__Work instruction__
Range to reproduce from the entries below: the line with "влог // моя", the line with "Global Sexual Culture", and every line in between. Give them exactly and give nothing else.

__Data under study__
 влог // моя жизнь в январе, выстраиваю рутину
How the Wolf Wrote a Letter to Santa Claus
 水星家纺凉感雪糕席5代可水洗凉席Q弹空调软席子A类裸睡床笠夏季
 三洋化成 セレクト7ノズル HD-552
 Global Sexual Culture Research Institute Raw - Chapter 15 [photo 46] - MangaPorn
==
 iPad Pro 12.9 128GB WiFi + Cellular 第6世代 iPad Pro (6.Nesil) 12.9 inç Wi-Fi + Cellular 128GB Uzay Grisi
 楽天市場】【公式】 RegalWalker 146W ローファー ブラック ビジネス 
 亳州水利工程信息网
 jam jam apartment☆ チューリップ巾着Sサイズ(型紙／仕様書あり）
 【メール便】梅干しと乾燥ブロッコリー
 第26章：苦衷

__Solution to this task__
 влог // моя жизнь в январе, выстраиваю рутину
How the Wolf Wrote a Letter to Santa Claus
 水星家纺凉感雪糕席5代可水洗凉席Q弹空调软席子A类裸睡床笠夏季
 三洋化成 セレクト7ノズル HD-552
 Global Sexual Culture Research Institute Raw - Chapter 15 [photo 46] - MangaPorn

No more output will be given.